# What tea are you drinking



## SarahNorthman (Nov 19, 2014)

What kind of tea are you drinking or did you drink last? How do you take it? What are your favorite kinds? What kind of collection have you amassed?

Me? I’m drinking a honey vanilla chamomile. I take it with cream. Like my Earl grey. It’s usually with cream and honey. Unless it’s green. Then it’s just plain. My Collection is vast.


----------



## josquindesprez (Aug 20, 2017)

Generally white tea, silver needles or peony being the best. Never black, very rarely green, sometimes herbal. Maybe a bit of honey (only if its herbal), but never anything else added. There's nothing better than a good white tea, and nothing worse than a strong black tea.


----------



## Joe B (Aug 10, 2017)

Started the day with:










and then drank this for the rest of the day:


----------



## dillonp2020 (May 6, 2017)

I drink Earl Grey with a bit of honey. This tea preference has been passed through four generations of my family apparently.


----------



## Pugg (Aug 8, 2014)

Strong with milk.


----------



## Art Rock (Nov 28, 2009)

Usually green tea. My wife is quite a connoisseur on the subject, she selects what type (always leaves, no tea bags) we drink.


----------



## Dr Johnson (Jun 26, 2015)

Assam, black, one sugar.


----------



## Guest (Oct 17, 2017)

SarahNorthman said:


> I take it with cream.


When you say 'cream' is that the same as you'd dollop on apple pie?

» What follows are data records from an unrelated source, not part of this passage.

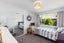 55C Halswell Road, Hillmorton, Christchurch - Carousel 12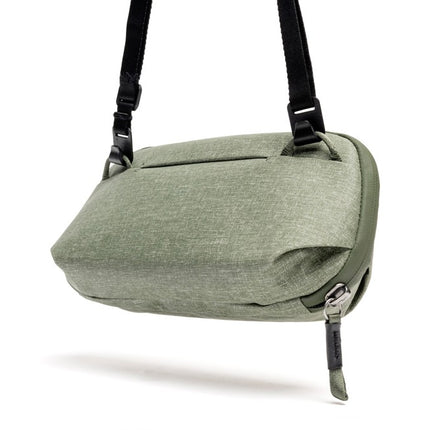 Peak Design -  Tech Pouch Small Sage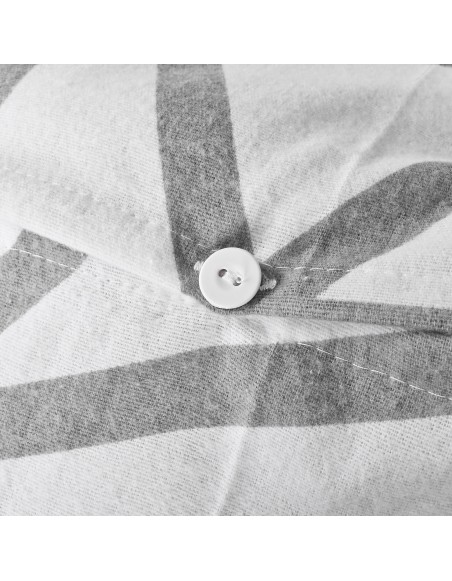 emi_helsinki_flanel_agynemuhuzat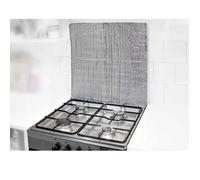 Panneau isolant mural WERKA PRO 3 couches réfléchissant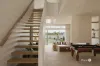 6 Dagmar Street, Holland Park West, Qld 4121-Image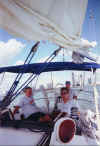 sailin_away.jpg (58543 bytes)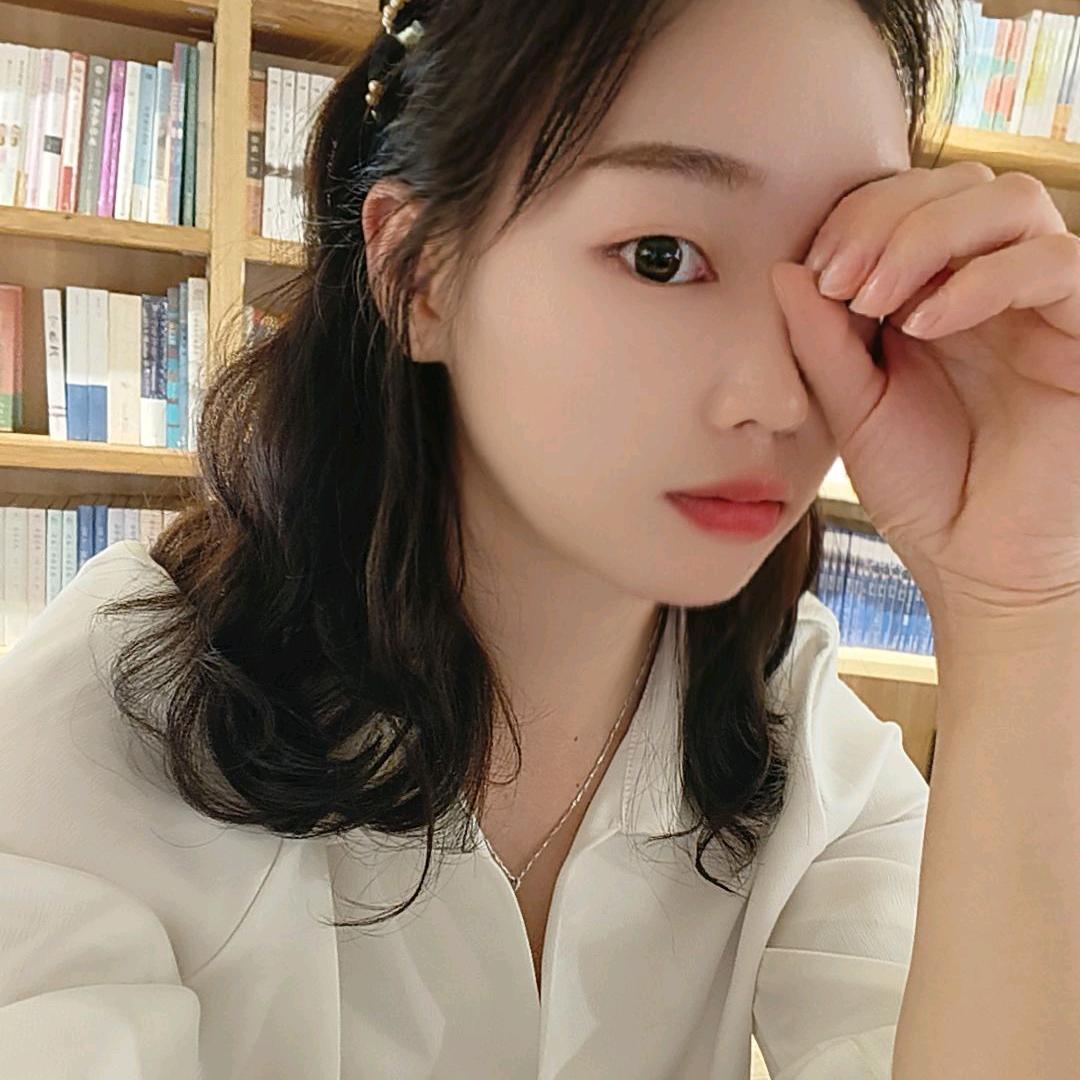 半壶清酒ㄋ  ＊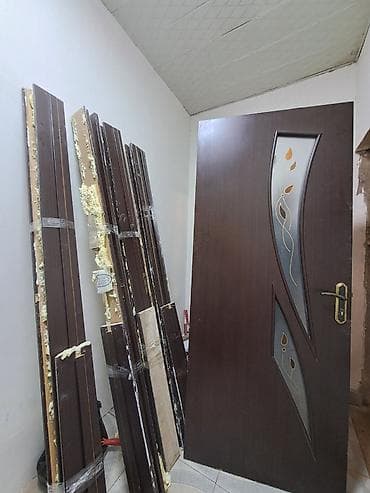 Seıiqeli cixarilib hec bir zedesi yoxdu teciki satiram 4 eded elaqe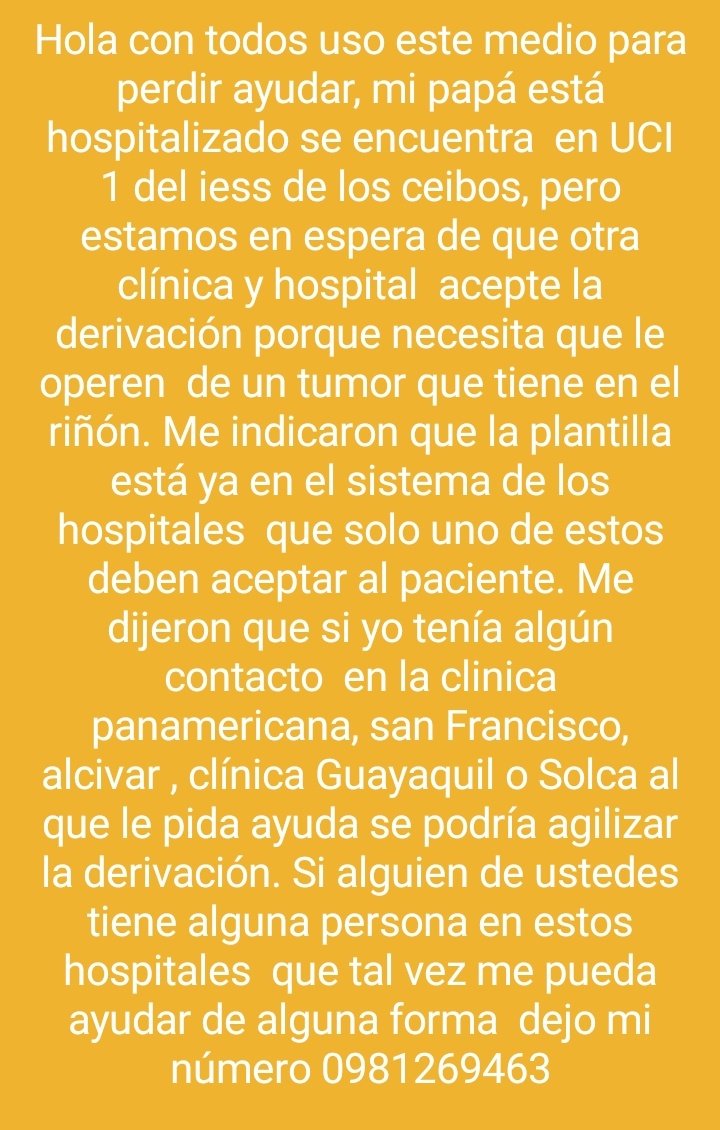 Bischof0917's tweet photo. Será que alguien puede ayudar a la señorita que escribe esto?...  RT 🙏 https://t.co/FG43oDXO4m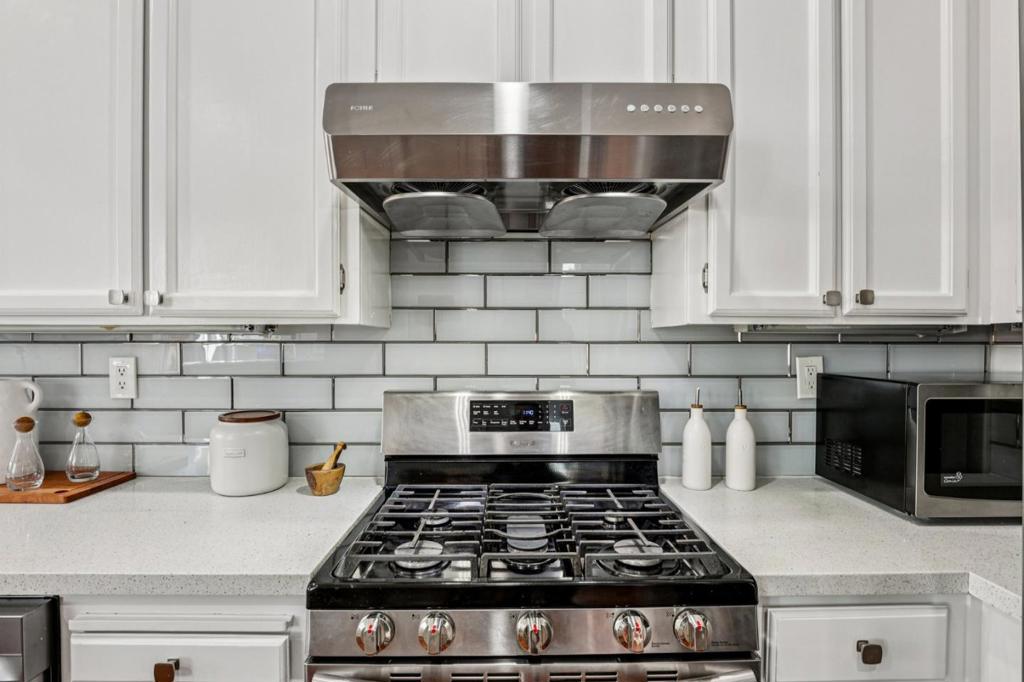 MLS #ML82031343 image #12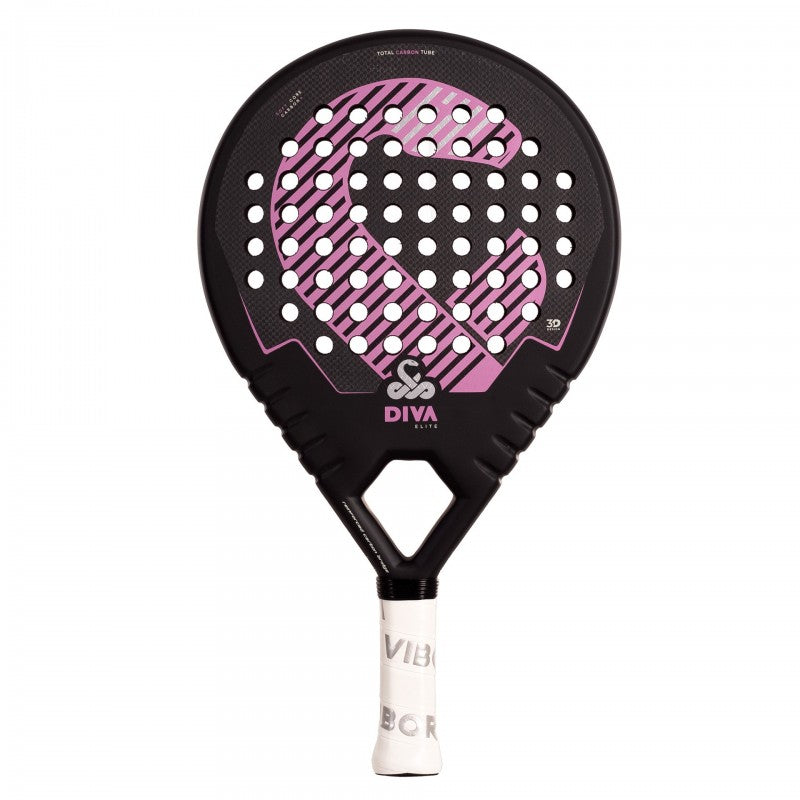 Vibora Diva Elite 3K 2.0 2025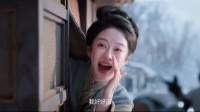 兰香如故台词出圈，刘美含一句台词显女性力量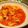 さとぴぃぴぃ's cooksnap of when they made 鶏肉のトマト煮.
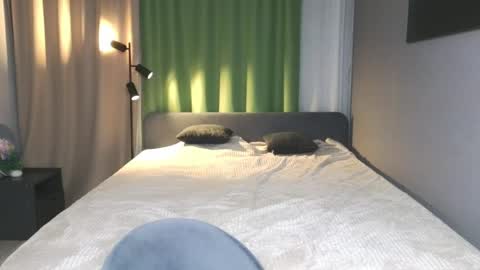 SevanS14 online show from February 28, 1:06 am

Me, I prefer M&S' or Twinings' Ceylon, with milk in the morning and happy with builders' tea during the day. Chamomile with honey when I'm ill!


----------



## Totenfeier (Mar 11, 2016)

Salada Decaf green tea. At one time, I was heavily into loose-leaf tea snobbery, but I've gotten lazy in my decrepitude.


----------



## CypressWillow (Apr 2, 2013)

Jasmine Green Tea is my favorite. Earl Grey and White Tea are next, in some order. Always drink it plain and strong, nothing added.


----------



## wkasimer (Jun 5, 2017)

Lapsang Souchong, unadulterated.


----------



## Pyotr (Feb 26, 2013)

The Earl of Grey.


----------



## Joe B (Aug 10, 2017)

wkasimer said:


> Lapsang Souchong, unadulterated.
> 
> View attachment 98325


I used to love Lapsang Souchong when I was younger. Now I find it is a little too intense for me. I sometimes feel the same about coffee.......old age?


----------



## classical yorkist (Jun 29, 2017)

I had to give up caffeine a few years ago and since then my tea drinking has become limited to decaf tea bags. I used to love drinking Ceylon and Earl Grey so much but sourcing decaf tea I am finding very difficult. It makes me sad.


----------



## Holden4th (Jul 14, 2017)

French Earl Grey


----------



## SarahNorthman (Nov 19, 2014)

Holden4th said:


> French Earl Grey


What's the difference?


----------



## senza sordino (Oct 20, 2013)

Two cups of tea a day with caffeine, one in the morning and one at lunch, and multiple cups of caffeine free tea through the day. Black tea, no sugar and no milk. Lipton and Yorkshire brands are typically consumed. I also often drink Roiboos, which technically isn't tea, it's from a different tree. I drink it because it's not fruity and naturally with no caffeine.


----------



## Omicron9 (Oct 13, 2016)

Equal Exchange organic green. I usually prefer loose tea, but this is the best-tasting bagged tea (for green) that I've yet found.


----------



## Holden4th (Jul 14, 2017)

SarahNorthman said:


> What's the difference?


French earl grey has petals from flowers like roses, etc. The brand I drink has a slightly fruity flavour which I absolutely love. With plain earl grey the bergamot flavour is what stands out. I get my French Earl Grey from a chain store called T2. I don't know if it exists outside of Australia.


----------



## CnC Bartok (Jun 5, 2017)

Cardews Nilgiri. Their Assam tips are excellent too. Beyond Earl Grey, flavoured tea is absolute anathema to me.


----------



## SarahNorthman (Nov 19, 2014)

What does it mean when a tea says metropolitan blend?


----------



## JJF (Aug 25, 2017)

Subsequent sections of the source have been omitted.